(INFORMATION SHOWN)
--
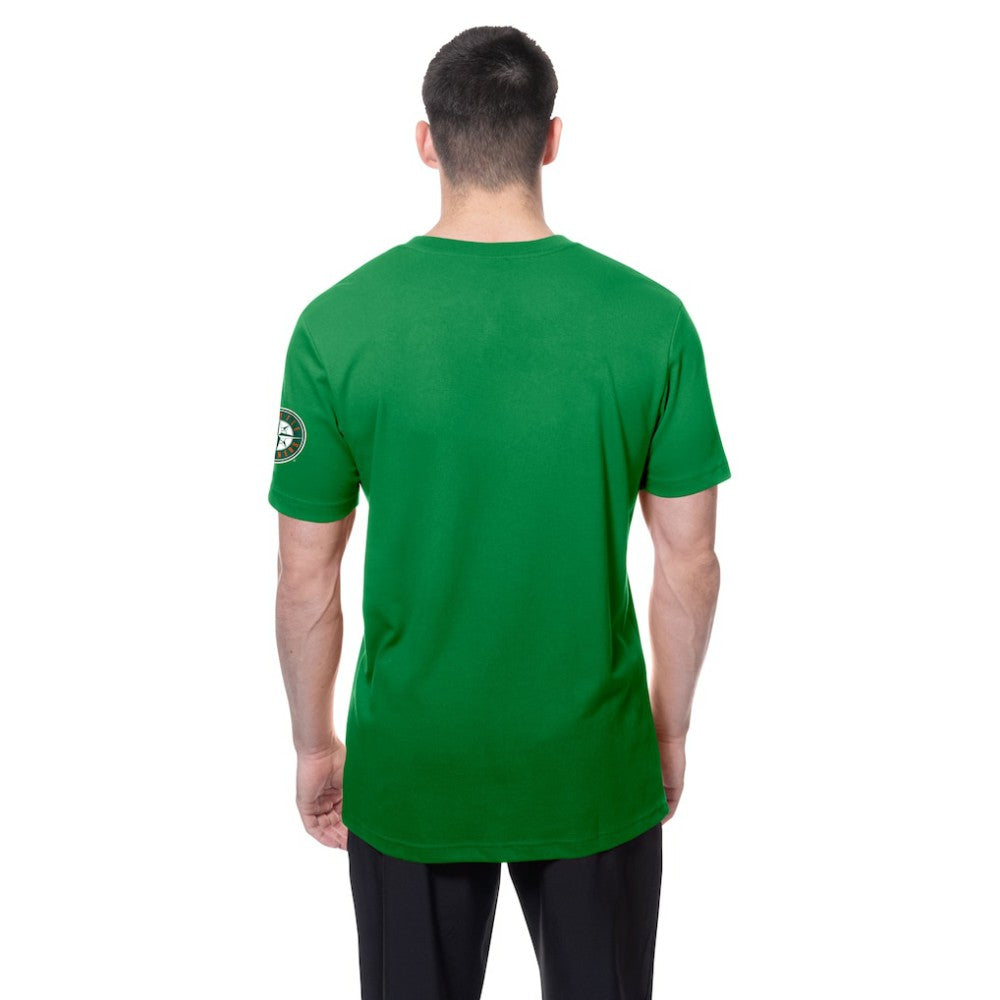 Seattle Mariners New Era St. Patrick's Day Shamrock Fill T-Shirt - Kelly Green T-shirts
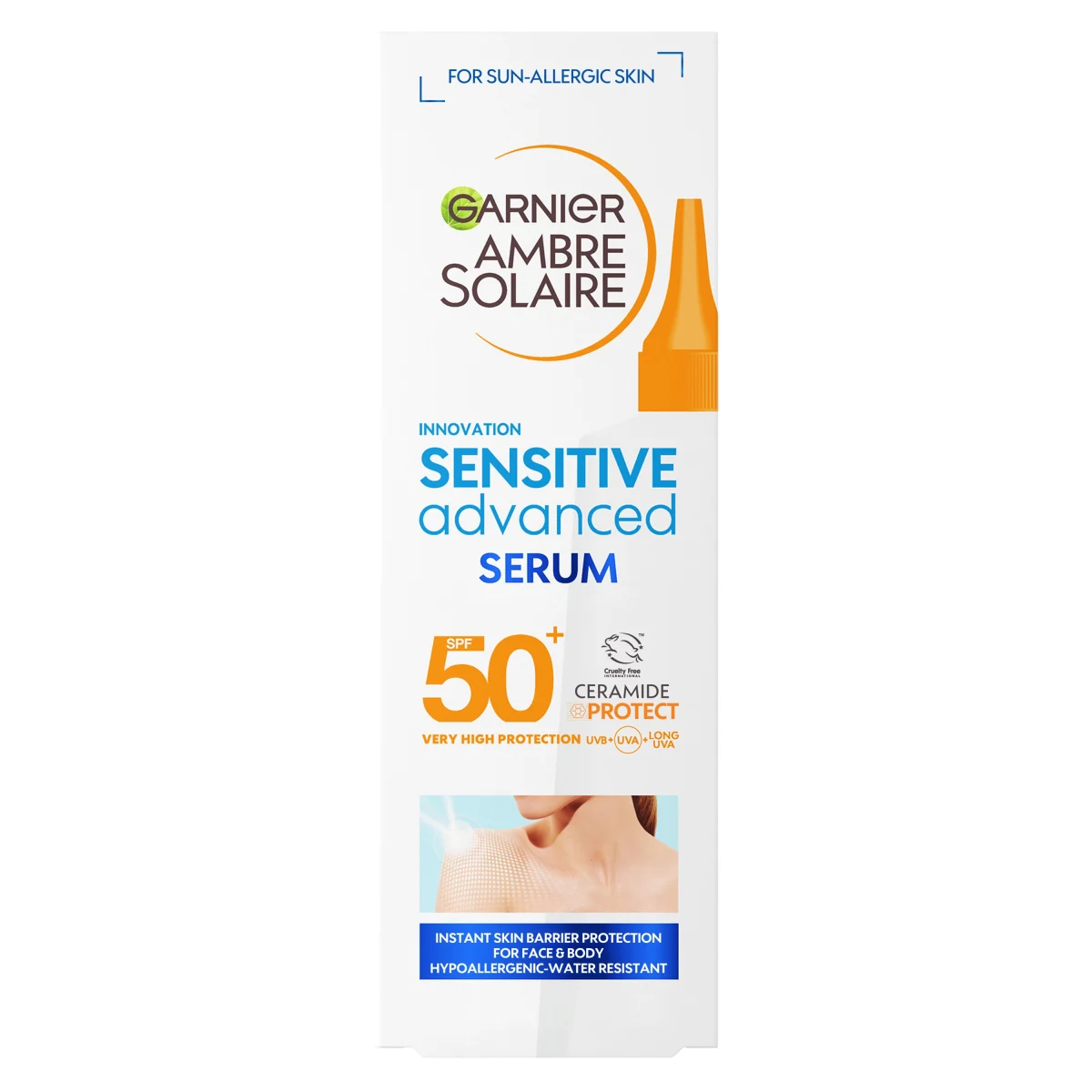 Garnier Ambre Solaire Sensitive Advanced Body Serum SPF 50+, 125 ml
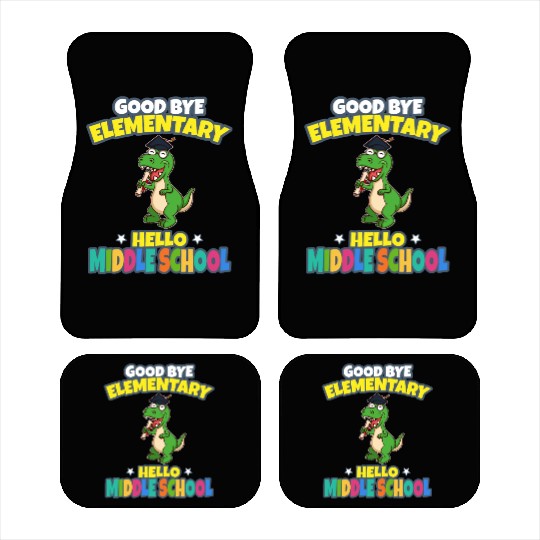 Good Bye Elementary Hello Middle School Graduation Car Mats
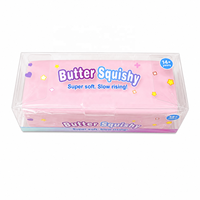 Bâton de beurre en gelée de pétrole, jouet sensoriel souple et modelable, sans rebond, emballage PVC transparent, 14+ ans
--
(WHAT THE TASK ASKS) Repeat the listing above verbatim, but exclude the pictures it contains.

(REPLY TO THE EXERCISE)
 Seattle Mariners New Era St. Patrick's Day Shamrock Fill T-Shirt - Kelly Green T-shirts
 Garnier Ambre Solaire Sensitive Advanced Body Serum SPF 50+, 125 ml
 Good Bye Elementary Hello Middle School Graduation Car Mats
 Bâton de beurre en gelée de pétrole, jouet sensoriel souple et modelable, sans rebond, emballage PVC transparent, 14+ ans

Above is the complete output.